Hacker News new | ask | show | jobs
by apocalypses 2055 days ago
One thing LLVM bitcode still can’t do is retain information about preprocessor directives, eg any platform specific code for AVX2 vs SSE4 etc. So unless you aim to write intrinsic free code it’s usually less performance/reliable to rely on compiler automatic vectorisation, which results in worse codegen overall.
2 comments

> One thing LLVM bitcode still can’t do is retain information about preprocessor directives, eg any platform specific code for AVX2 vs SSE4 etc.

LLVM supports per-function subtarget attributes, so you can compile individual functions with AVX2 support versus SSE4 support. The clang frontend even has a few different ways of triggering this support, with one method allowing you to specify per-CPU dispatch, and another merely specifying target attributes on a per-function basis.

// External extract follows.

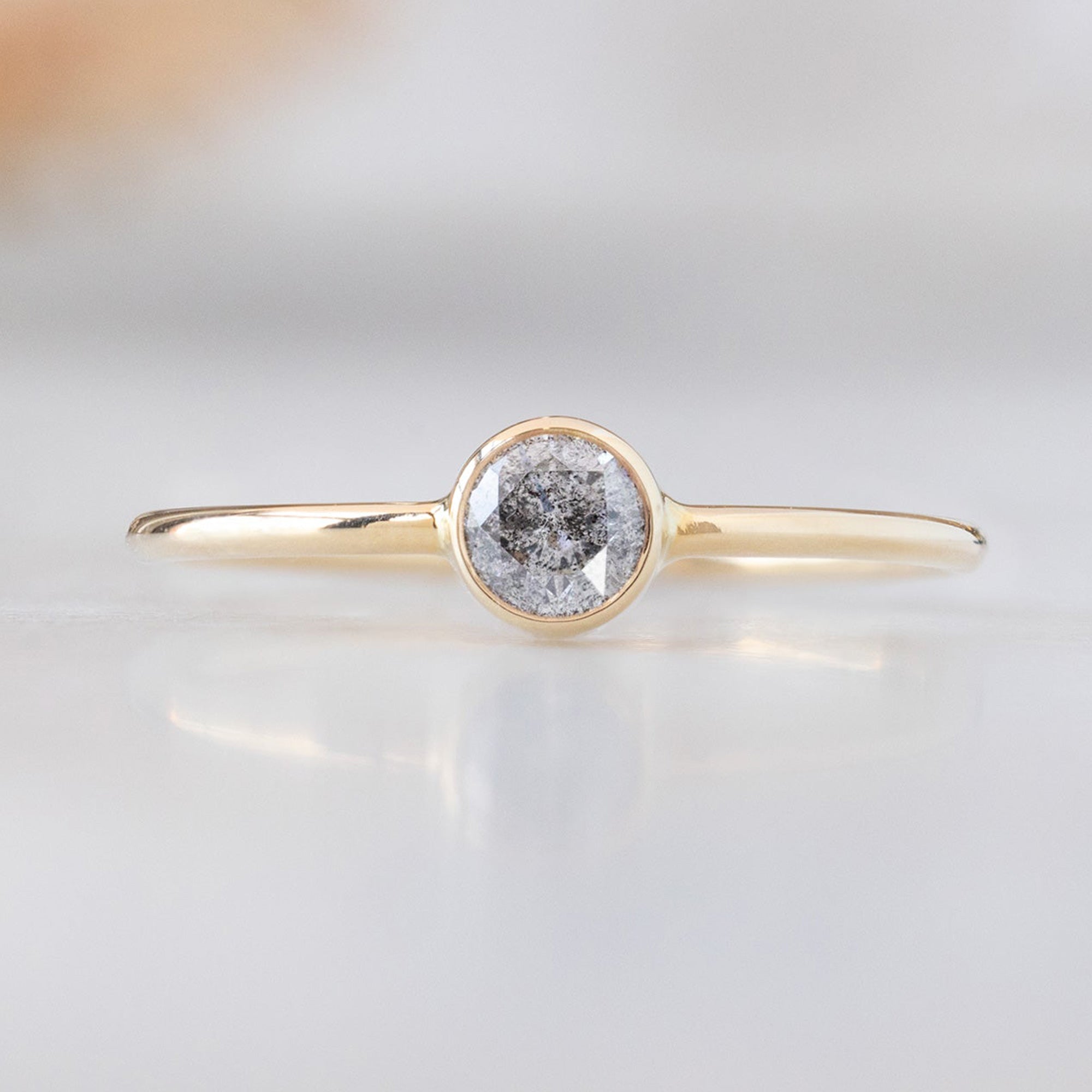 Alexis Russell Wedding Bands Salt and Pepper Diamond Stacking Ring | Yellow, Rose or White Gold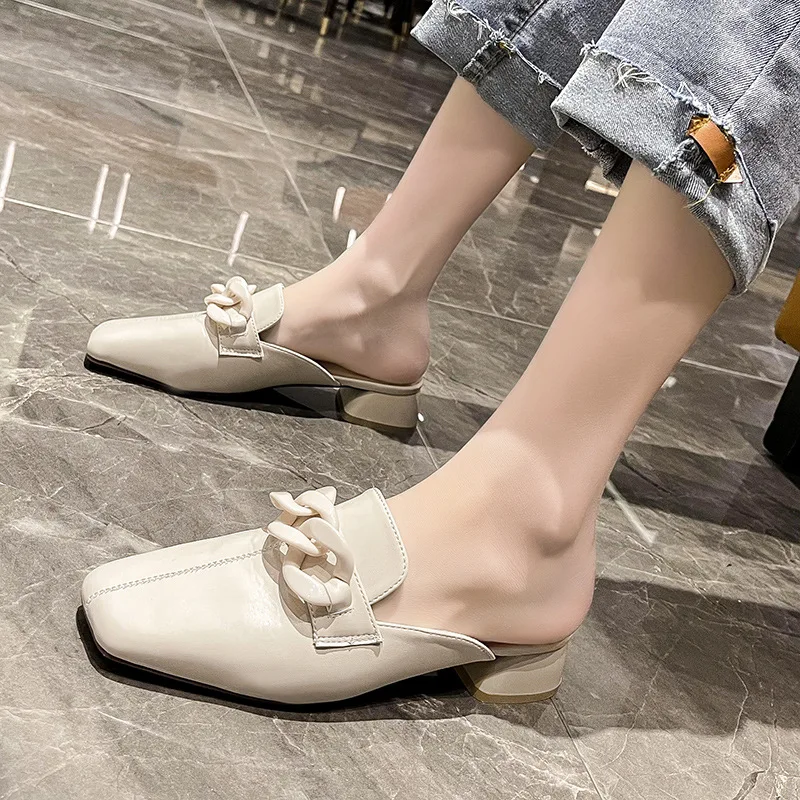 

2022 Outdoor Sandals Summer Fashion The Chain Ladies Baotou Breathable Flat Slippers Non-slip Slides Female Shoes New Large Size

I know GCC supports generating multiple versions of a function, compiled for different instruction set extensions. And this can also be done manually when you have hand-optimized implementations: https://gcc.gnu.org/onlinedocs/gcc-10.2.0/gcc/Common-Functio... It's based on a GNU extension to the ELF format, not preprocessor directives.

I don't think any of that would conflict with using bitcode for everything you don't have a hand-optimized machine-specific implementation of.